EGS: The fruits of this all? I don’t know. But I can tell you what I suspect we will see. We will start to see proof-of-stake protocols come up. These coins will never go away. Dogecoin will always be around, even Doge will always be around. Bitcoin will forever, of course, be around.

But a lot of the coins that occupy CoinMarketCap today are really, truly sh*tcoins. And they will probably not die, but they will get replaced by much better technology. We are beginning to see people who know what they are doing coming to the space. And we are beginning to see brand new ideas to come in. It is not the same stagnant code basis, the same stagnant ideas, the same conspiracy theories about lizard men. We are beginning to see people interact with the existing finance system.

How long is it gonna take? At least, five to 10 years. What will we see at the end of this? I think we are going to see governments evolve that are much more transparent about their activities. We are beginning to see this already. I think the government of Georgia and their land records are a very good example. And there will be some holdouts.

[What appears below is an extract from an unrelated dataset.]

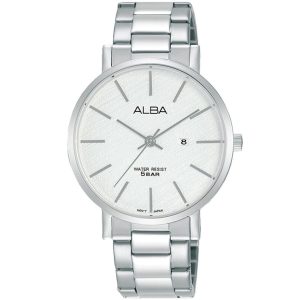 Ah7t67x1 alba watch women silver patterned dial stainless steel metal strap quartz movt japan analog water resist 5bar three hand prestige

Bitcoin will never change, they will always try to do proof-of-work, and good luck with that! It is a tough proposition. If you ask me, it is not environmentally friendly, and it leaks value out of the store of value. But they have a bunch of advantages that will prop them up for a couple more years, I am sure. And they will never completely disappear.

But I am really excited about the new wave of projects to come. We are going to see a brand new set of systems that can live up to the dream that has been sold to the masses. It has been 10 years. The dream was really compelling, the tech… not quite there, yet. And I think it is going to take a few years for that tech to emerge fully, and then a couple more years for it to be adopted, slowly. But it will change the world. That is gonna be exciting.